Nonprofits team up with students to combat youth incarceration
At a time when youth incarceration is a central topic of conversation among the Virginian lawmakers, the RISE for Youth Coalition, a campaign for youth incarceration alternatives, Legal Aid Justice Center, a nonprofit which provides legal aid to low-income citizens and performing arts education nonprofit Art 180 came together to fight for reform of the juvenile justice system.
Performing Statistics is a program developed by these organizations, as well as VCU students wishing to get involved, to give an artistic avenue for those affected by youth incarceration to have their voice be heard. The program intends to talk about the different avenues available to have a conversation about the juvenile justice system.
“Our goal is to create a conversation saying that you don’t have to just be focused in criminal justice to get involved,” said Kiantee White, vice president of VCU’s NAACP chapter. “You can be in the arts, you can be in social work, you can be in business. You can use all of these different avenues to advocate for the youth.”
Performing Statistics presented an art exhibit of works created by youth currently at the Richmond Detention Center to raise awareness for their cause. The exhibit was on display on the lawn in front of VCU’s Harris Hall on April 15. Through the project, Performing Statistics hopes to use these works of art to advocate community-based alternatives to juvenile correction facilities.

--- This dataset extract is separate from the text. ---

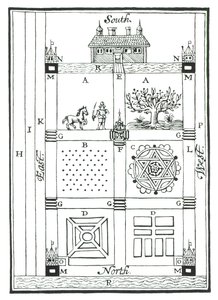 Entwürfe für einen unterteilten Garten, aus The New Orchard Garden, von William Lawson, veröffentlicht 1618 von English School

“Each piece was voices of actual youth who have been in an actual detention center in Virginia,” White said. “Their experiences, how it has affected them, how it has impacted them, things like that. They all speak directly to what impact youth incarceration has on them.”
A central and focus of the organization is to educate the public and policymakers about the “school-to-prison pipeline.” The American Civil Liberties Union stated that, “The ‘school-to-prison pipeline’ refers to the policies and practices that push our nation’s schoolchildren, especially our most at-risk children, out of classrooms and into the juvenile and criminal justice systems. This pipeline reflects the prioritization of incarceration over education.”
Jeree Thomas, an attorney with the Legal Aid Justice Center, started her career focusing on the educational needs of incarcerated youth and brought that background to Performing Statistics. Thomas said that a priority of the project is to create an entry point for people to learn about the problems associated with mass incarceration and to eliminate the disconnect between the policymakers and the actual people affected by those policies.
“Many of the lawmakers have no concept of the humanity and the personalities and the dreams of the young people who are incarcerated,” Thomas said. “I think that [the project] was really impactful because it’s just not voices that they usually hear in the General Assembly.”
Those involved in the program are currently working to combat an amendment to the bond bill proposed by Gov. Terry McAuliffe to fund the construction of a new juvenile corrections facility in Chesapeake. A collection of signatures from an online petition and physical postcard distribution will be delivered to the General Assembly on Wednesday, in time for the vote about the funding for the center. Thomas said that the signatures come from those who “disagree with rushing to open a new facility without having an open, transparent conversation about whether or not we need this same model of facility.”
The program plans on continuing their work with the teenagers at the Richmond Detention Center in the coming year. They recently raised half a million dollars to continue the project for at least the next three years, according to Trey Hartt, Deputy Director of Art 180 and a co-organizer of the Performing Statistics project.
Art 180, a youth arts non-profit, contributes as a partner on the project by using arts as an avenue for activism. This idea lead to the art exhibition of the work of the children currently serving time in the Richmond area and using the community as support. Art 180 provides the artistic perspective to strategically and creatively guide the project forward.
“We want to use art as a way to humanize the juvenile justice system and especially the kids that are involved in that system, and then connect it to policy,” Hartt said. “The system is broken and it needs to change.”